[Crawled caption data]
= = = =
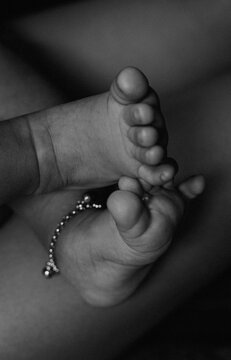 baby feet in black and white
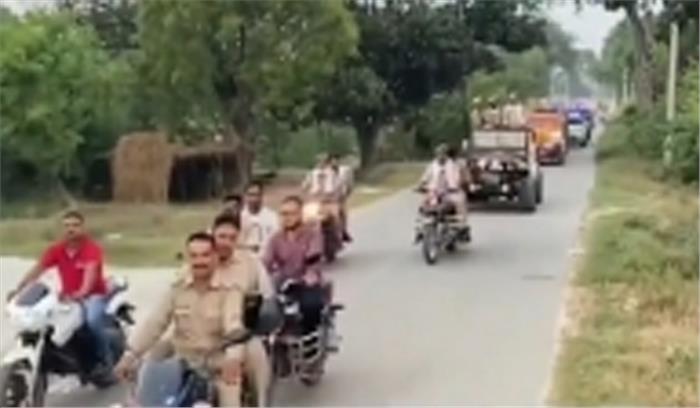 उप्र में पुलिस सहकर्मियों ने दी थी शाही विदाई, एसएचओ निलंबित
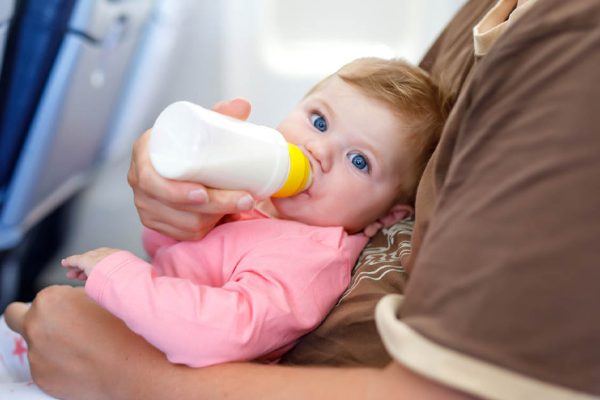 Когда вижу в самолете мамаш с грудными детьми, нет сил сдерживаться, так и хочется спросить, для чего они это делают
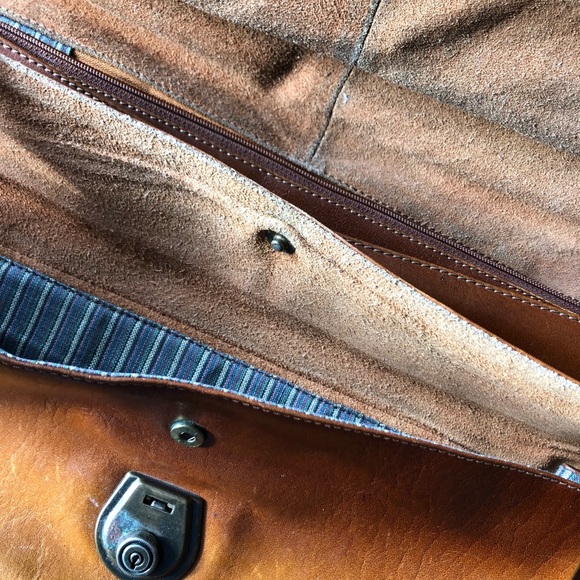 Bugatti Leather Satchel - Picture 5 of 7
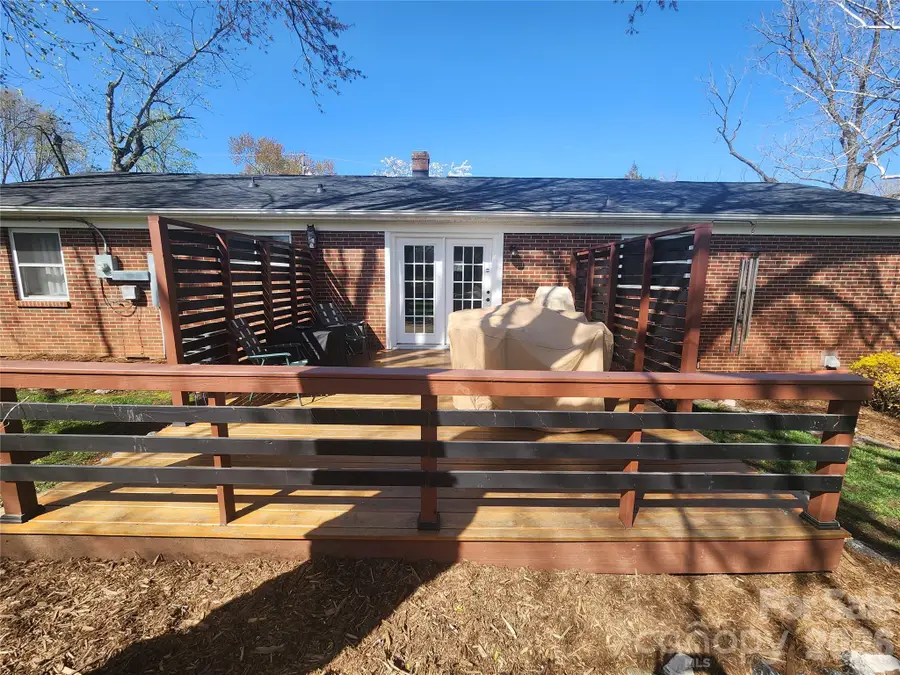 492 14th Avenue Drive Ne, Hickory, NC 28601 - #3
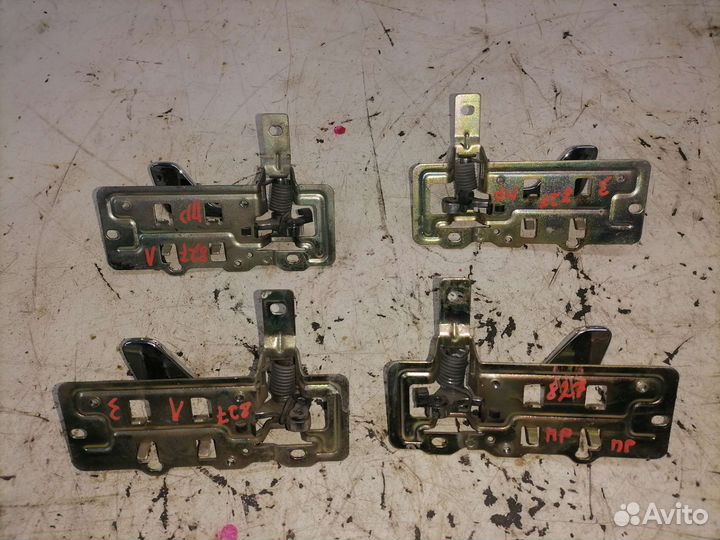 Внутренняя ручка открытия двери Rover 800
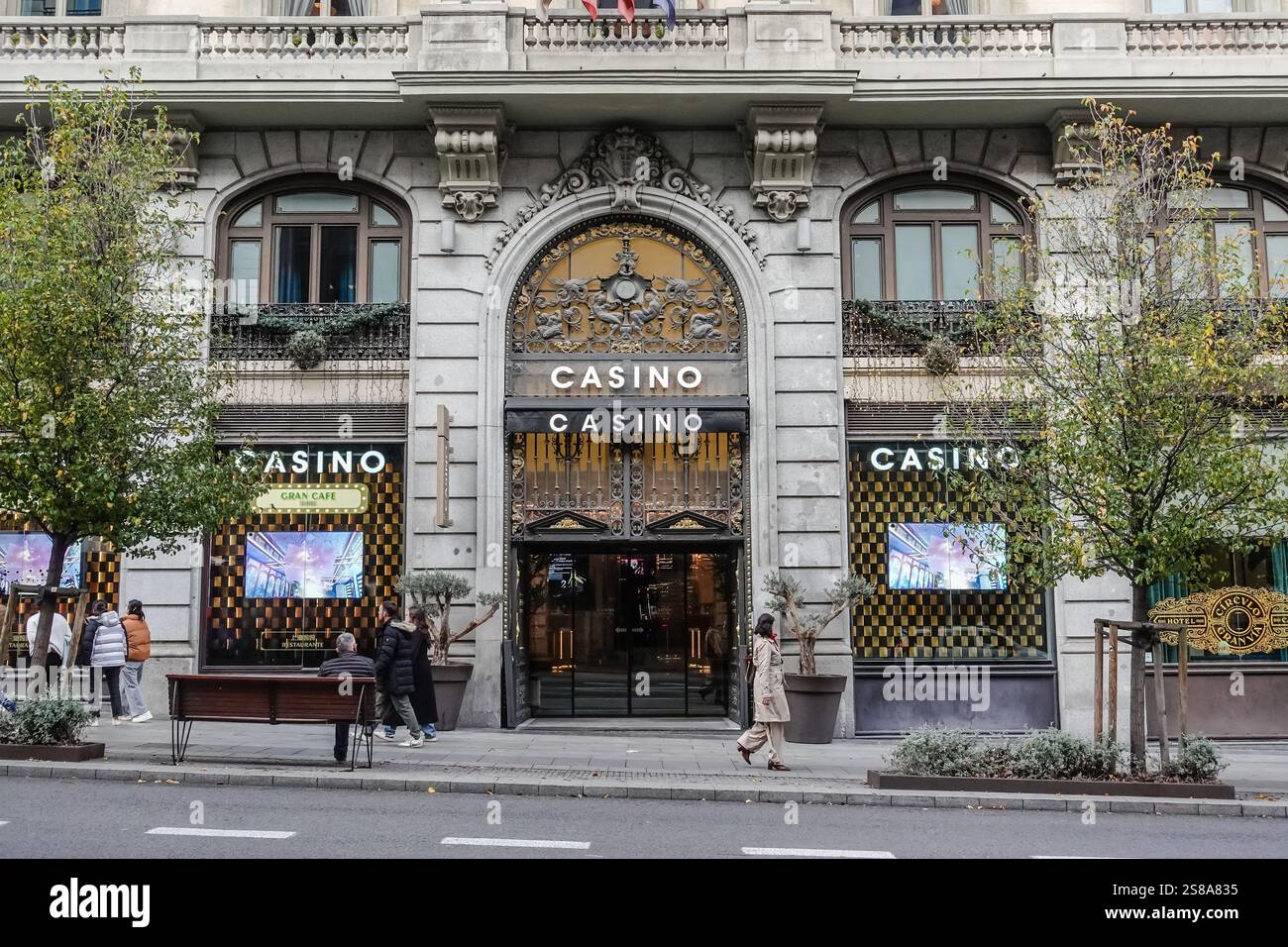 Fachada del Casino Gran Vía en Madrid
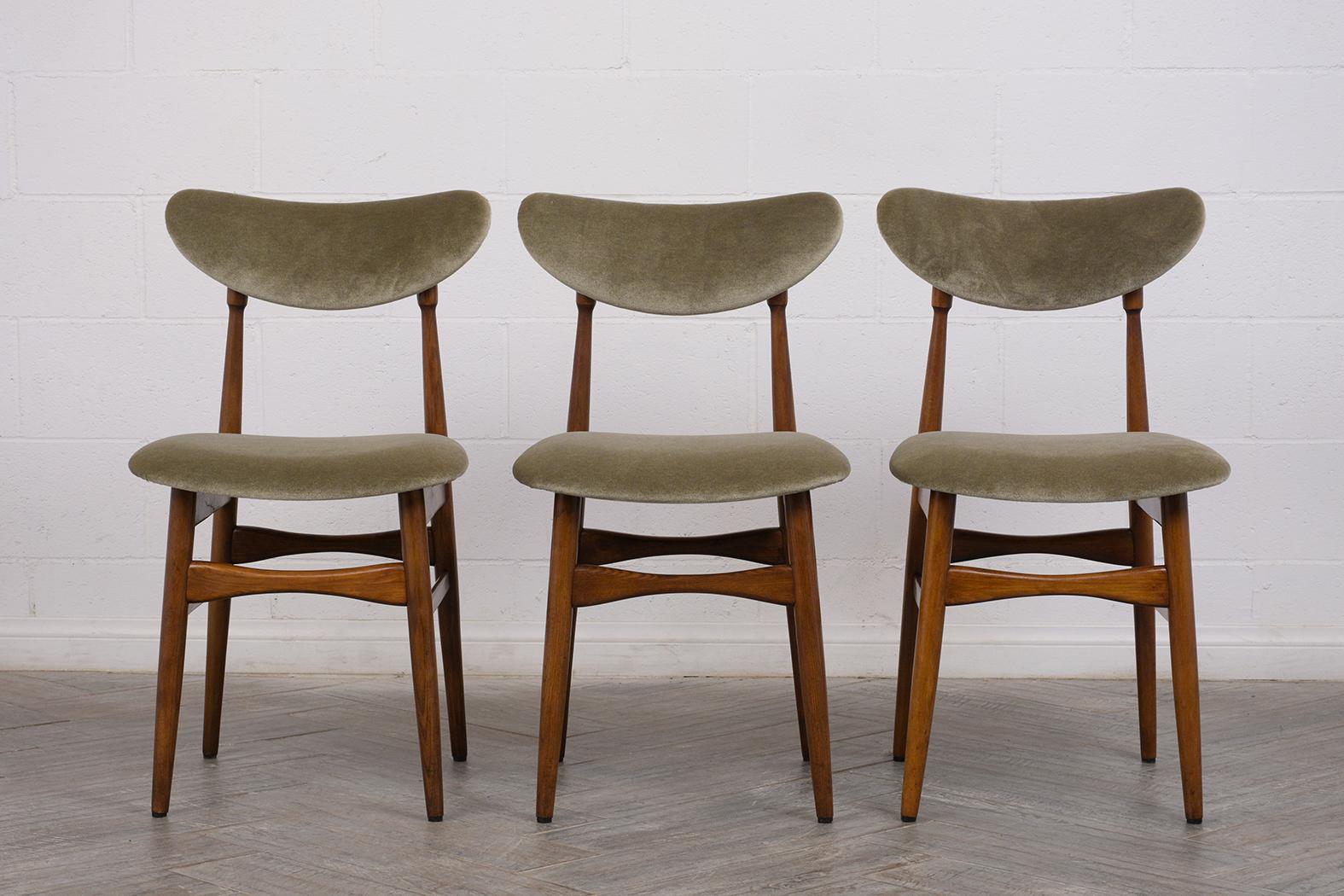 Set of Twelve Midcentury Style Dining Chairs In Good Condition In Los Angeles, CA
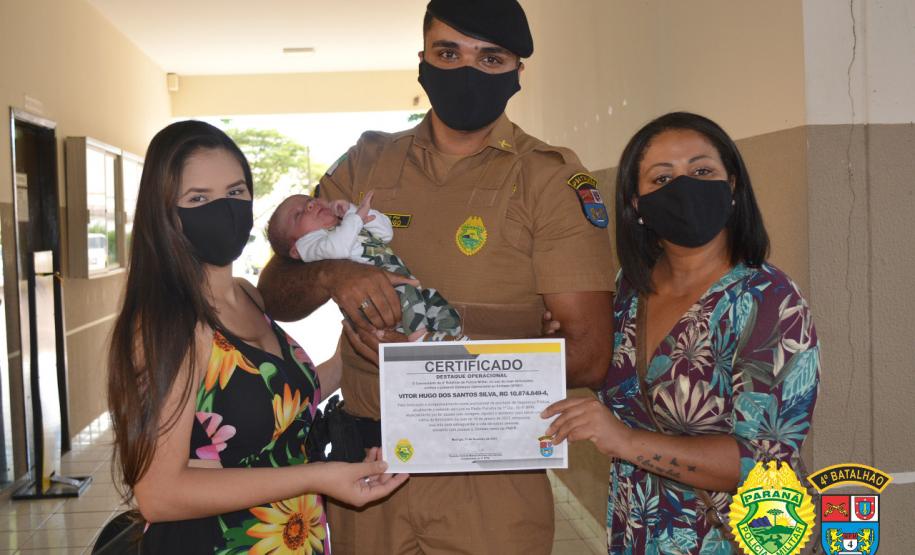 Policiais militares do 4º BPM recebem homenagem de Destaque do Mês e Destaque Operacional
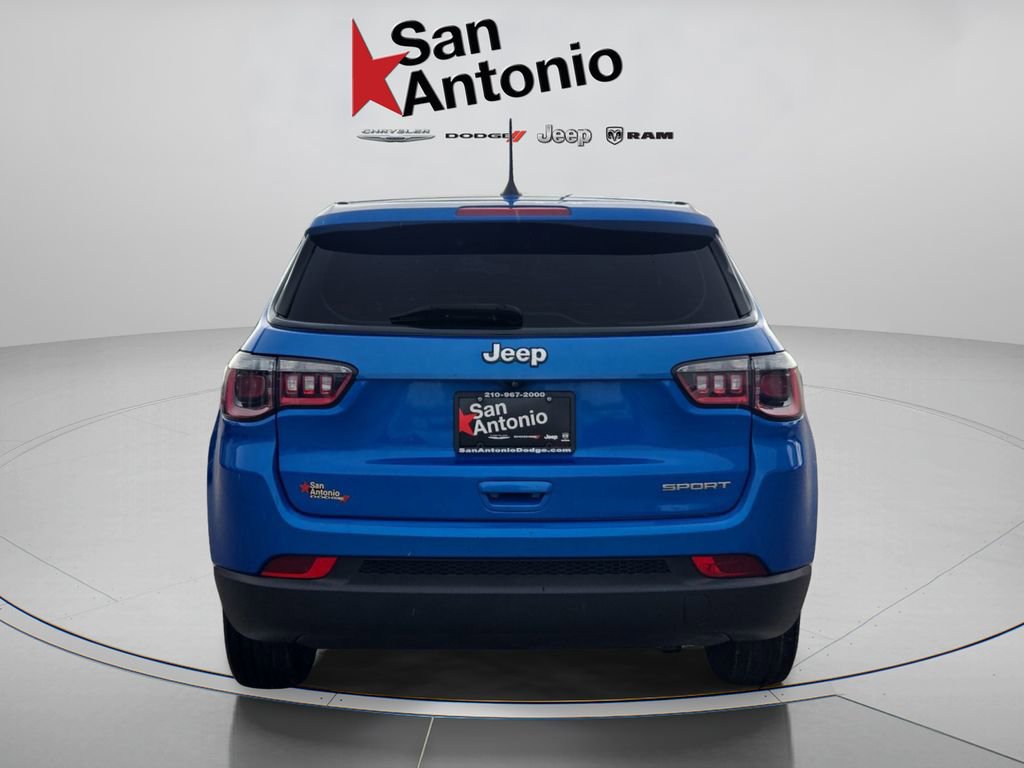 Used 2021 Jeep Compass Sport image 7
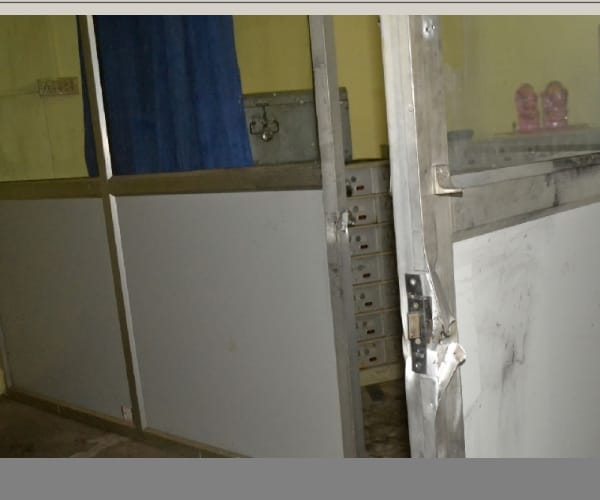 loot attampt in district cooperative bank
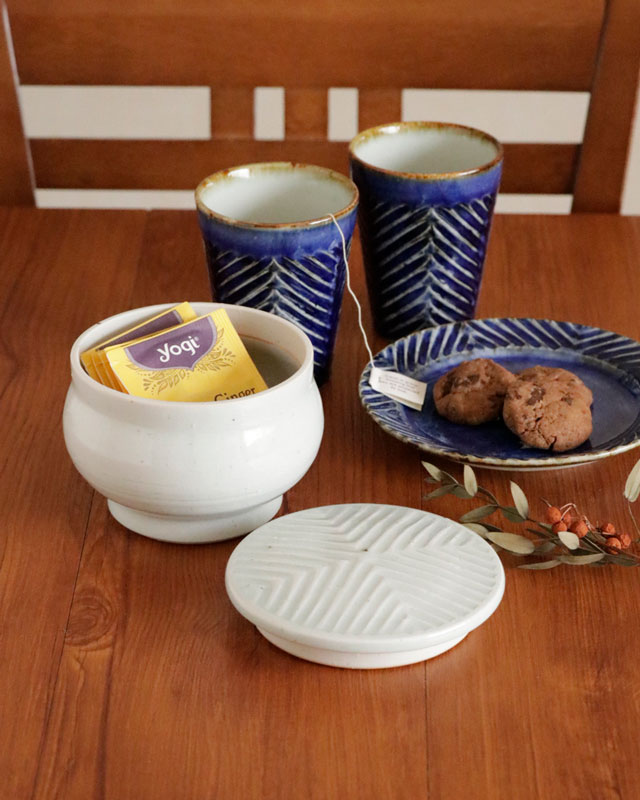 煎茶道具　瀬戸焼　陣出窯　澤田酔云作　線文　湯呑　十客　共箱　C　R7149 煎茶道具 瀬戸焼 陣出窯 澤田酔云作 線文 湯呑 十客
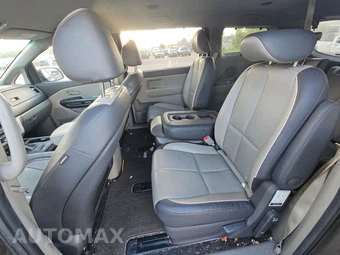 2018 Kia Sedona LX 120.5" WB - miniatura 13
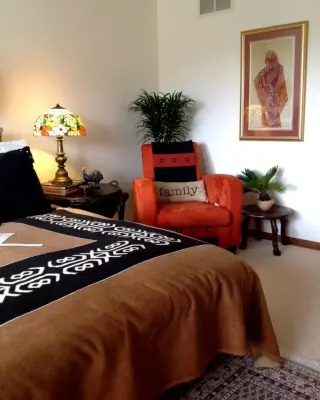 African Inspired Bedroom, Bowling Green by Divine Interiors
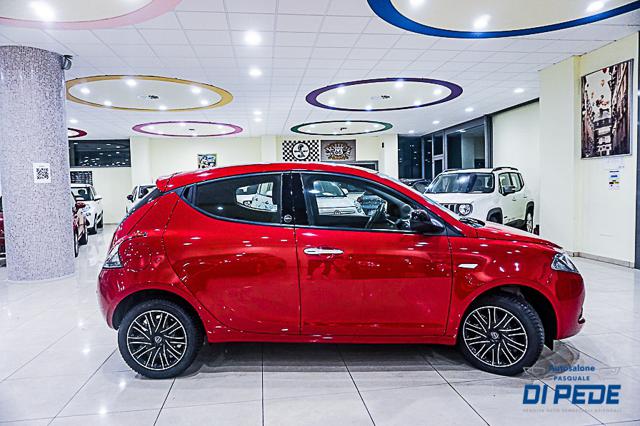 LANCIA Ypsilon usata, con ESP
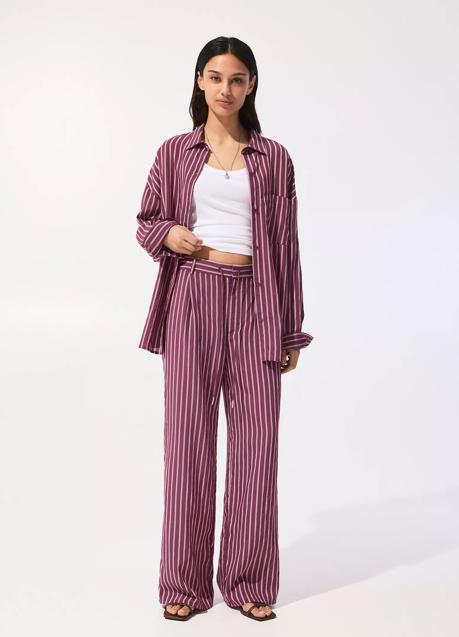 Pantalón con rayas de Pull & Bear (29,99 euros)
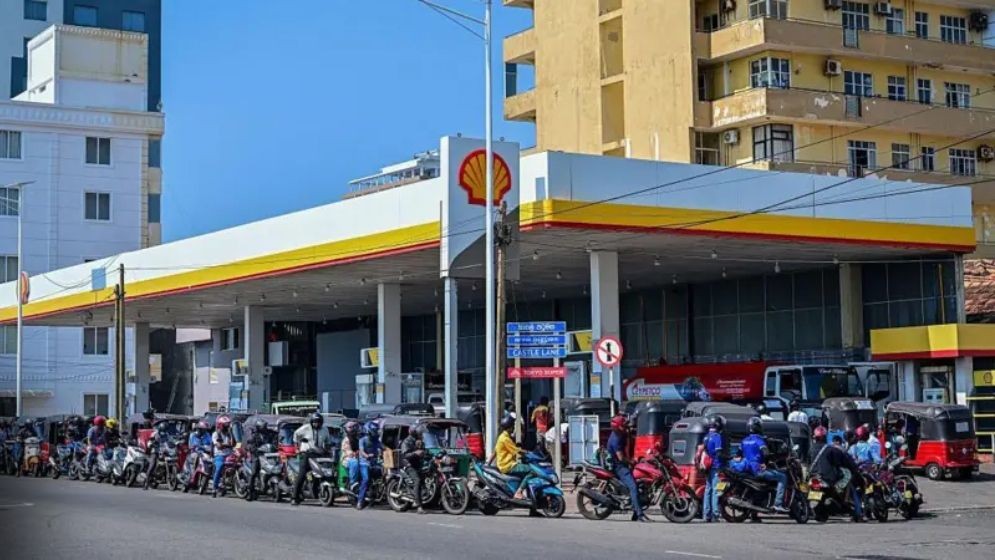 জ্বালানি সংকট মোকাবিলায় যে ঘোষণা দিল শ্রীলঙ্কা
= = = =
TASK:
In the answer, the lines from the one containing "LANCIA Ypsilon usata, con ESP" to the end of the records above must be written out exactly, both ends included; the pictures must not appear.

SOLUTION TO THIS EXERCISE:
 LANCIA Ypsilon usata, con ESP
 Pantalón con rayas de Pull & Bear (29,99 euros)
 জ্বালানি সংকট মোকাবিলায় যে ঘোষণা দিল শ্রীলঙ্কা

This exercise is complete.